Still the @toryeducation Twitter feed rambles on, today
jumping on a study from the Institute of Education (IoE) in London as proof
that It Was All Labour’s Fault. Needless to say, things are not as cut and
dried as the people who are not Dominic Cummings and Henry de Zoete (honestly)
would like their audience to believe, not least because the IoE has said so.
So what’s in the IoE report? The headline, “Brightest English pupils fall
two years behind Far Eastern peers between ages 10 and 16” is where
@toryeducation is getting his cue.
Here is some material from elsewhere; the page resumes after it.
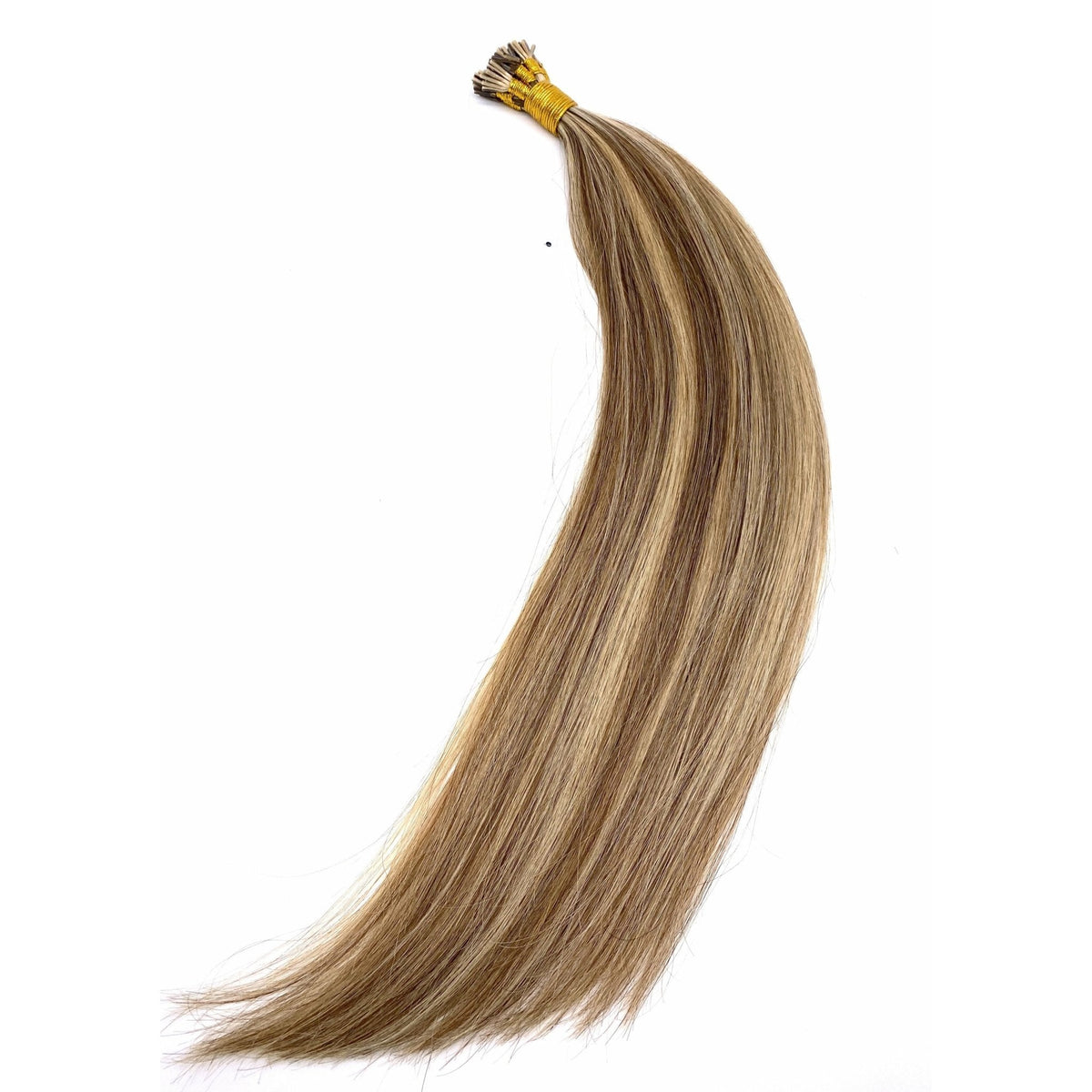 VIP I-Tip System – Keratin Human Hair Extensions, Straight 18" (70g)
What the study has found is that, while the brightest pupils are doing almost as
well as those from the Far East at age 10, they are falling back by the time
they take their GCSEs.
The research also observes “The top 10 per cent of English children also appear to be losing ground to the most able pupils in other
English-speaking and European countries between the ages of 10 and 16”. That
is a less certain conclusion, and one look at the sources used for the study goes
some way to explaining this: there is a mix of other research used for
reference.
And, given that average scores for pupils between the ages
of 10 and 16 are “broadly comparable”
when looking at England versus the Far East, the blanket denunciation of Labour
by @toryeducation is shown to be misplaced. In some Far Eastern countries,
parents invest heavily in private tutoring and education is valued more highly.
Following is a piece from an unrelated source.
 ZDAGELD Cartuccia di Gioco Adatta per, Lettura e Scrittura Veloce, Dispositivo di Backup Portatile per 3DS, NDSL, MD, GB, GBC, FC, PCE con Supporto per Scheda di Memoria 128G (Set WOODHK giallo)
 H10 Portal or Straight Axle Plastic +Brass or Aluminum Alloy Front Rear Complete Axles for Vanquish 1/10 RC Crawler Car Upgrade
No Government is preventing parents here from doing the same.
So England “could
perhaps do better for the top 10% of pupils” is the conclusion, and appropriate
recommendations are made. Clearly, that is not what “Oiky” Gove and his retinue of polecats want to hear, and neither is
a previous IoE headline, “No
hard evidence that England has slid down international performance tables, study
says”, from November 2011.
Moreover, that research was performed by John Jerrim,
co-author of the paper that the @toryeducation account is lauding today. His
past findings (see HERE
[.pdf]) include (also from late 2011) that “One
cannot firmly conclude that English secondary school children’s performance has
improved or declined relative to that of its international competitors over the
past decade”.
Dr Jerrim also observed “The
decline seen by England in the PISA international rankings is not, in my
opinion, statistically robust enough to base public policy upon”. As ever,
this is not a subject where there are quick and easy answers, and once again
one has to remind @toryeducation and his minders that they are playing with the
future wellbeing of rather a lot of pupils.
So perhaps they could
quit points scoring and messing around, just for once.